Tuesday, May 10, 2011

The Climb!!!!!!!

The Climb!! Our first day was spent on a glacier practicing walking on the snow and ice using the crampons and practicing using the ice axe to stop ourselves sliding down the side of the mountain!
After a tiring afternoon we returned to base camp where we had dinner and got an early night.
The second day started with a large breakfast and lunch before we climbed to high camp. We arrived at 4pm, had dinner and went to bed. There was no electricity in the tin hut and the altitude meant we were pretty tired so we were all asleep by 6pm. We didn´t have a very good night due to extremely strong winds and a lot of snow and probably the anticipation of what was to come.
At 1.30am we woke and started putting on additional layers, our harnesses, boots, ropes, crampons, hats, gloves etc. etc. etc. We tried to eat some food and drink some more coca tea ( to help with the altitude) and then it was time to climb.
It is hard to describe how hard both Keith and I found the following 6 hours. As well as the climb being physically tough, due both to the steepness of the mountain and the high altitude, it was also pretty frightening at times. There were some massive cravases that we needed to cross. Keith and I were roped to our guide but I wasn´t sure how he would be able to help if one of us slipped off the edge of the ice. The last 300m of the climb were along a steep ridge with 1000m sheer drops either side. There was just enough room to step one foot at a time and I found it absolutely terrifying.
We finally arrived at the summit where we took a few photos before asking our guide if we could start heading down. The wind and snow had picked up and it was quite scary sitting on the top of the mountain. Unfortunately the wind had become too strong for us to move and when Keith asked Felix if we were in danger and he replied yes I very nearly cried. Keith then asked Felix how long we might have to stay on the summit and her responded with an answer of until the storm passes, perhaps 3 hours. Felix then made sure both Keith and I were completely wrapped up in our layers and tried to keep me calm :)
Thankfully 5-10 minutes later he informed us that we were going to start heading down. It was such a relief that the terrifying ridge seemed a little less scary. After a few hours we arrived back at high camp and after an hours sleep we trekked back to base camp. Following a welcome hot lunch we returned to La Paz feeling very proud of ourselves and with some incredible memories.

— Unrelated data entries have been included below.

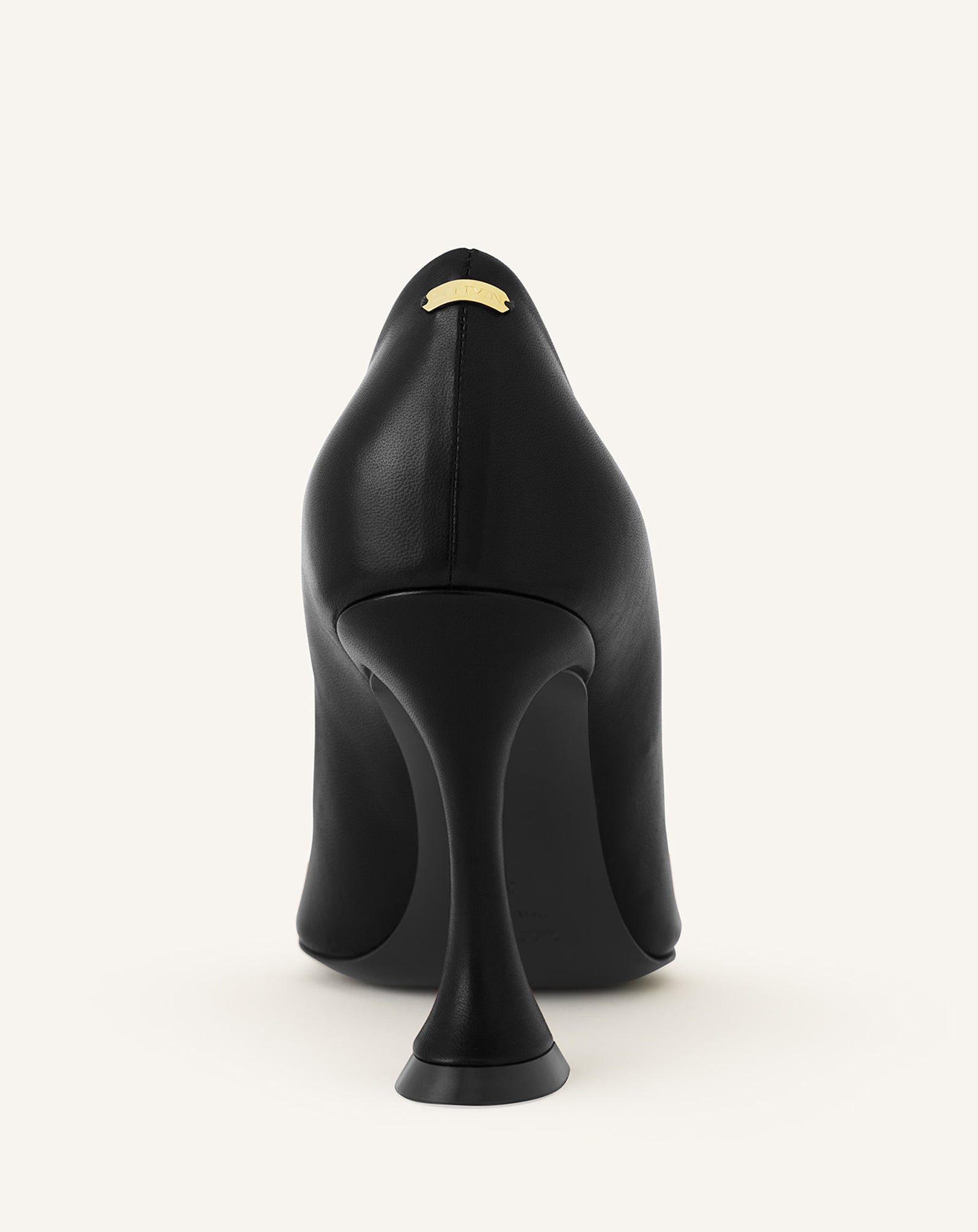 ESCARPIN MIDNIGHT STEP NOEUD EN CUIR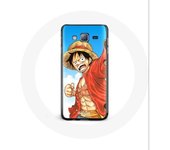 Coque pour Samsung Galaxy A3 Manga One piece Luffy Anime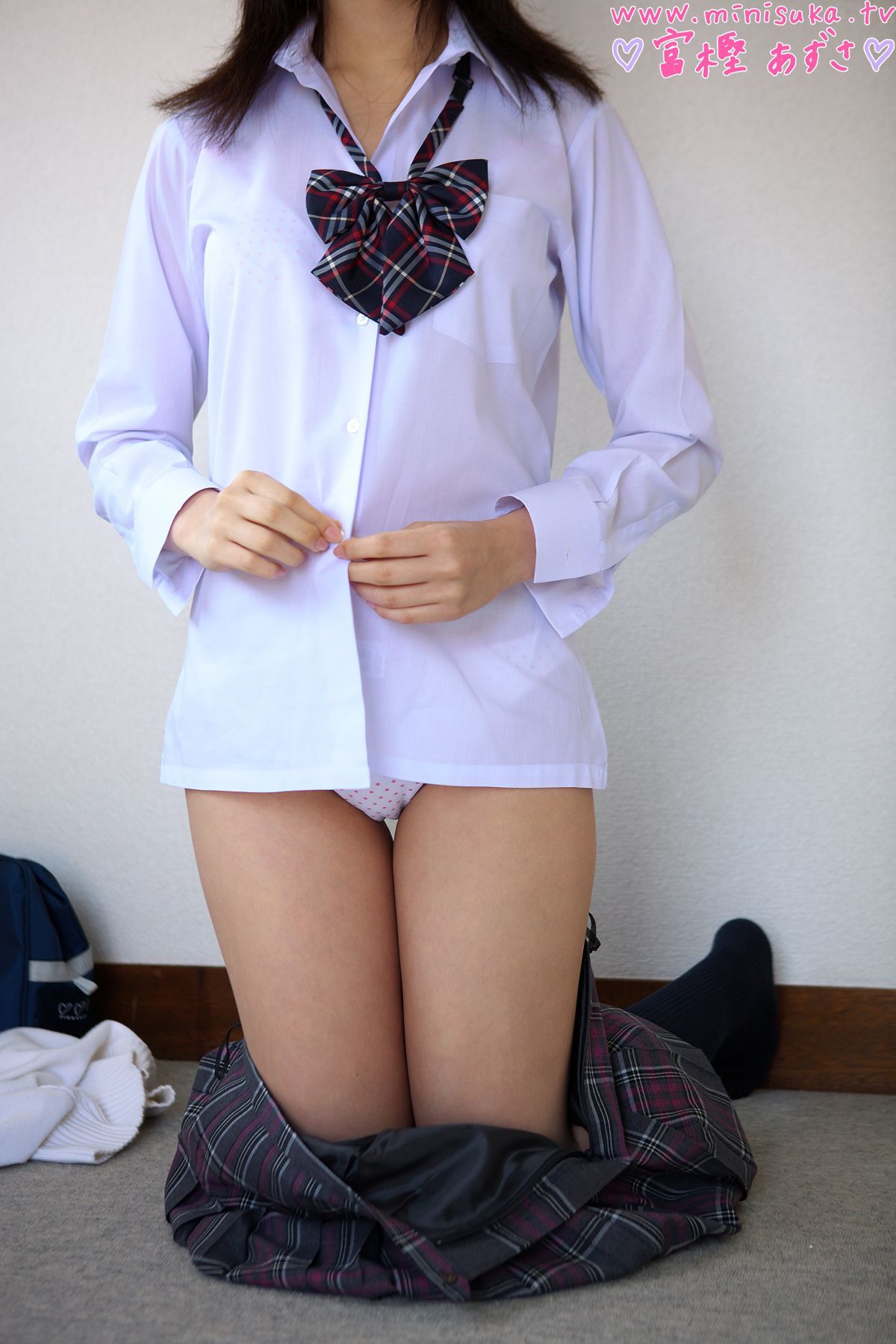 富樫あずさ/富樫梓 Azusa Togashi 第一部  现役女子高生-图1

The Huayna Potosi national park entrance office!!!!

Melting snow for cups of coca tea.

A glamorous pair......

Sunrise at the summit.

Icicles

The path up.

On our way down

Beautiful!


Our guide Felix!




Shattered back at base camp

Tidying up the ropes

All ready to walk back to base camp....looking a lot fresher than Keith above.

The toilet at High camp



Huayna Potosi - 6088m - CONQUERED :)

Crossing the damn just before reaching base camp

Bolivian cemetery on the way back to La Paz
Practicing on the first day

1 comment:

  1. Dad said the cemetry was for all the climbers who fell off the mountain!